I am trying to run the Dreambooth training example from the diffusers repo, on Sagemaker: diffusers/examples/dreambooth at main · huggingface/diffusers · GitHub

However I am getting the following error:

AttributeError: 'SageMakerConfig' object has no attribute 'gpu_ids'.

Here are the flags I am using:

export MODEL_NAME="CompVis/stable-diffusion-v1-4"
export INSTANCE_DIR="s3://instance-images"
export OUTPUT_DIR="/opt/ml/model"

accelerate launch train_dreambooth.py \
  --aws_access_key_id="XXXXXXXXXX" \
  --aws_secret_access_key="XXXXXXXX" \
  --pretrained_model_name_or_path=$MODEL_NAME  \
  --instance_data_dir=$INSTANCE_DIR \
  --output_dir=$OUTPUT_DIR \
  --with_prior_preservation --prior_loss_weight=1.0 \
  --instance_prompt="a photo of sks cat" \
  --class_prompt="a photo of cat" \
  --resolution=512 \
  --train_batch_size=1 \
  --gradient_accumulation_steps=1 \
  --learning_rate=5e-6 \
  --lr_scheduler="constant" \
  --lr_warmup_steps=0 \
  --num_class_images=200 \
  --max_train_steps=800

and here is the output of my accelerate config file:

base_job_name: accelerate-sagemaker-1
compute_environment: AMAZON_SAGEMAKER
distributed_type: 'NO'
ec2_instance_type: ml.p3.2xlarge
iam_role_name: accelerate_sagemaker_execution_role
image_uri: null
mixed_precision: FP16
num_machines: 1
profile: null
py_version: py38
pytorch_version: 1.10.2
region: us-east-1
sagemaker_inputs_file: null
sagemaker_metrics_file: null
transformers_version: 4.17.0
use_cpu: false

Any clues on what I could be doing wrong?

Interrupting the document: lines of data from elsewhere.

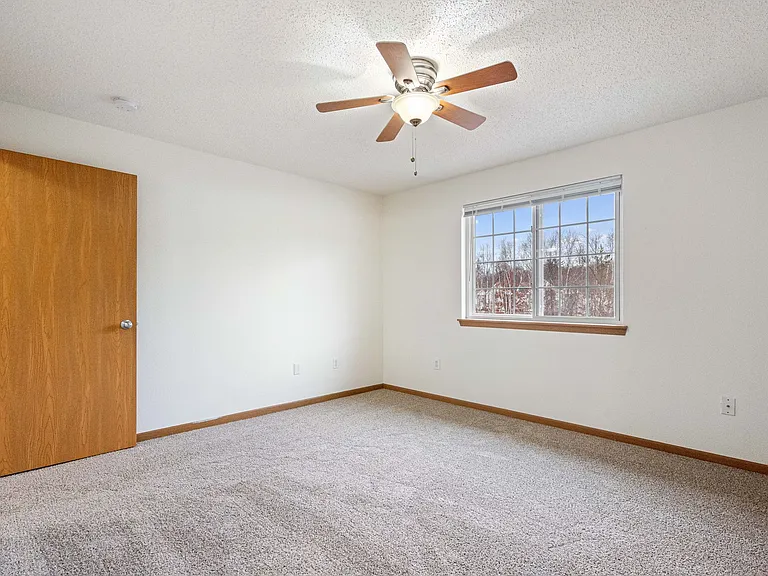 52 Fieldstone Dr — Photo 11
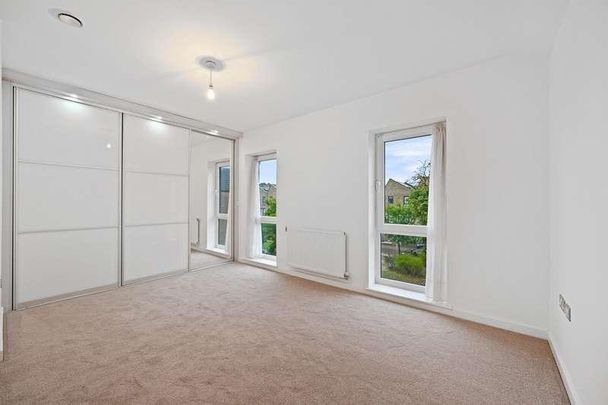 Sandpiper Drive, Harrow, HA2 - Photo 1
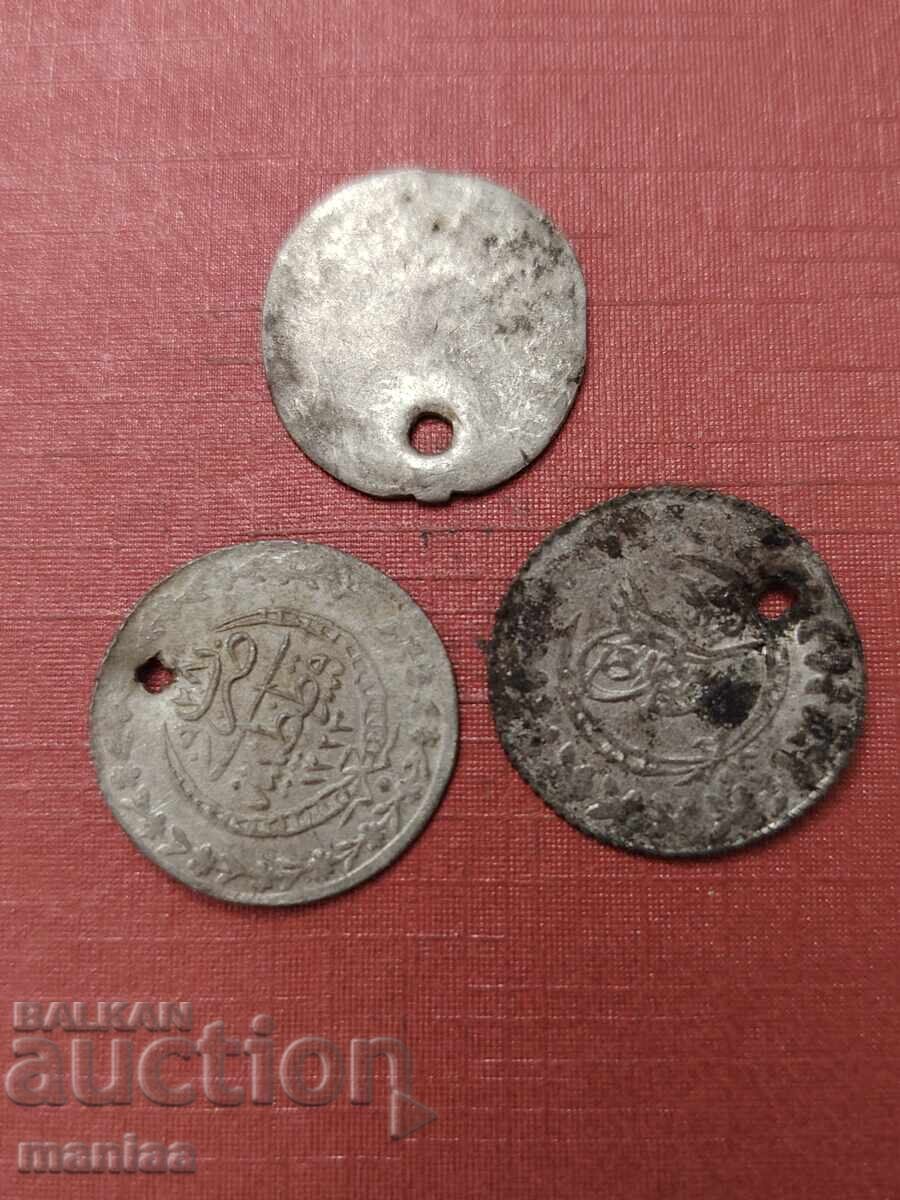 Османски пробити сребърни монети с цена € 15.00 | 29.34 лв.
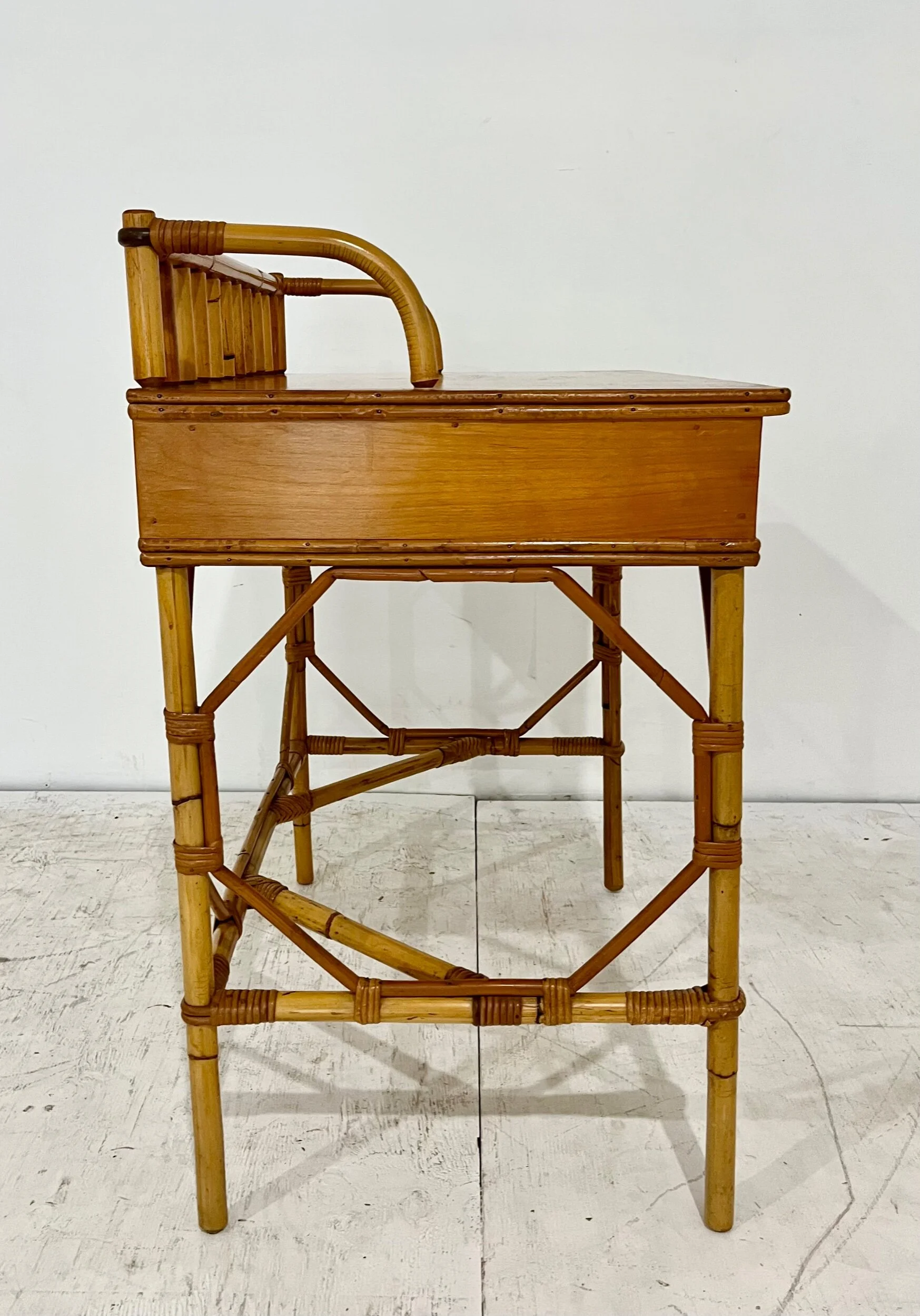 A9AB0544-4C7B-4A86-BEDA-991205A7DD3C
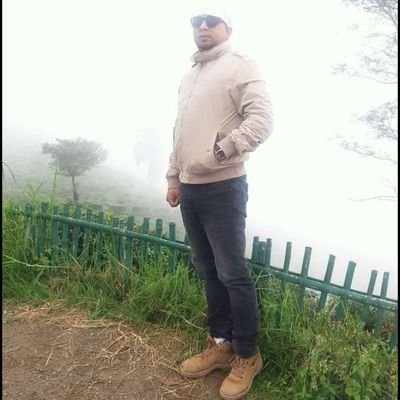 Purbeykmukesh's profile picture. Auditor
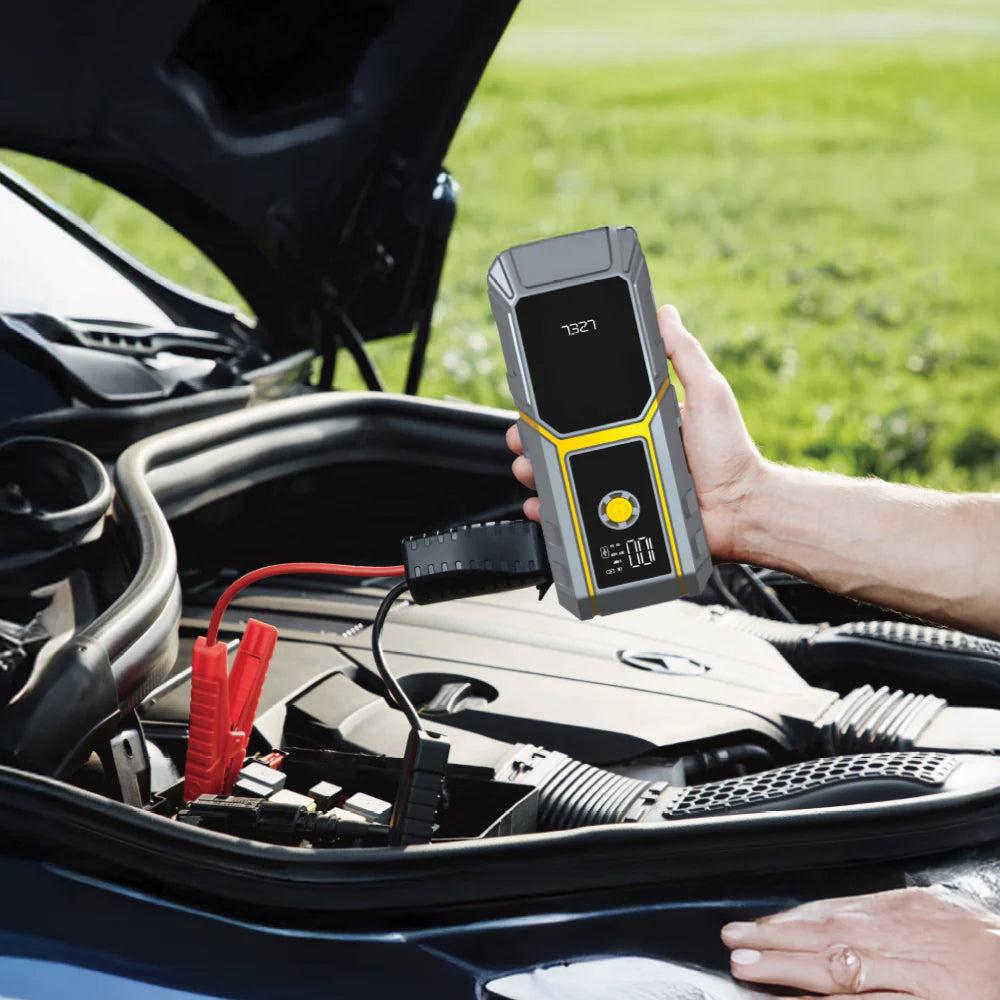 معزز لبطارية السيارة EnergizeIgnite X من ليزل مع ضاغط الهواء و مصباح LED بسعة 12 ألف مللي أمبير | رمادي / أصفر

To zoom out, what I am trying to achieve is fine-tune Dreambooth on Sagemaker and save the resulting artifacts on S3.

Thank you for your time and assistance! :hugs:

Whats your version of accelerate?

Version: 0.14.0.dev0

Thanks @jadechip, can you try using accelerate installed via:

pip install git+https://github.com/huggingface/accelerate@fix-config

please? Thank you! :slight_smile:

1 Like

@muellerzr Thank you so much for your help with this! The version you mention, and also version accelerate==0.12.0 both worked, so there might be something wrong with the 0.14.0.dev0 build.

1 Like

This has now been solved on main :slight_smile: thanks for your patience!